*What you have to do*. Below are the records; collect from them each line containing the string "remodeled".
--
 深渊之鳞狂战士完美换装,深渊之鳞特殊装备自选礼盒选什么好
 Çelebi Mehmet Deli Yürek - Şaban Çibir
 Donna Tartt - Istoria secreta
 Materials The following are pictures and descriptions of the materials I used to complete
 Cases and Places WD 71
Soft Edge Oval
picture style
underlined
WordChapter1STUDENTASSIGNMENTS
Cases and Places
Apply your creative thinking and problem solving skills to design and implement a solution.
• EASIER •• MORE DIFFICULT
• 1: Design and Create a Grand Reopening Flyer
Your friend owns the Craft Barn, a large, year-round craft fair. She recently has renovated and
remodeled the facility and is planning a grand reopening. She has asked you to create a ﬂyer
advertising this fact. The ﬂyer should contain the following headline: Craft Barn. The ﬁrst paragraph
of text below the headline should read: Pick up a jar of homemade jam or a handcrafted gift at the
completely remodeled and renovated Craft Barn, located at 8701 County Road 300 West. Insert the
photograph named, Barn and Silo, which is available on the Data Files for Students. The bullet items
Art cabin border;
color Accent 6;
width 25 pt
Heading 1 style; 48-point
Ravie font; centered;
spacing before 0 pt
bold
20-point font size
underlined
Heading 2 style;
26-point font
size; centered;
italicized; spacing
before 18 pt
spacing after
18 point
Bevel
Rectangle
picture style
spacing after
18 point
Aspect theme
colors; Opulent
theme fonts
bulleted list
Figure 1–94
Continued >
--
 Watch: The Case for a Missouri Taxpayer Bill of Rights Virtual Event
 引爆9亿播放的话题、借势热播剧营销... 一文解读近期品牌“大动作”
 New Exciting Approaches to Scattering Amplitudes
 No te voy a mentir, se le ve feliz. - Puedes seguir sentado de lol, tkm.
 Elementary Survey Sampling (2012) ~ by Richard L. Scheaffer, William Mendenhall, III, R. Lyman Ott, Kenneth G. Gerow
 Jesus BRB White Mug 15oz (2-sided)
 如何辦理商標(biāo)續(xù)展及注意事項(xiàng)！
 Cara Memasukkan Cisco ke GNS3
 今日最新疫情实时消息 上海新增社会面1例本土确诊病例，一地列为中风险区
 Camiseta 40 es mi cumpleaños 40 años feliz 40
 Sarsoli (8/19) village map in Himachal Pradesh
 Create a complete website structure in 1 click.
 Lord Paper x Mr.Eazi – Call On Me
--
*Solution for this exercise*.
remodeled the facility and is planning a grand reopening. She has asked you to create a ﬂyer
completely remodeled and renovated Craft Barn, located at 8701 County Road 300 West. Insert the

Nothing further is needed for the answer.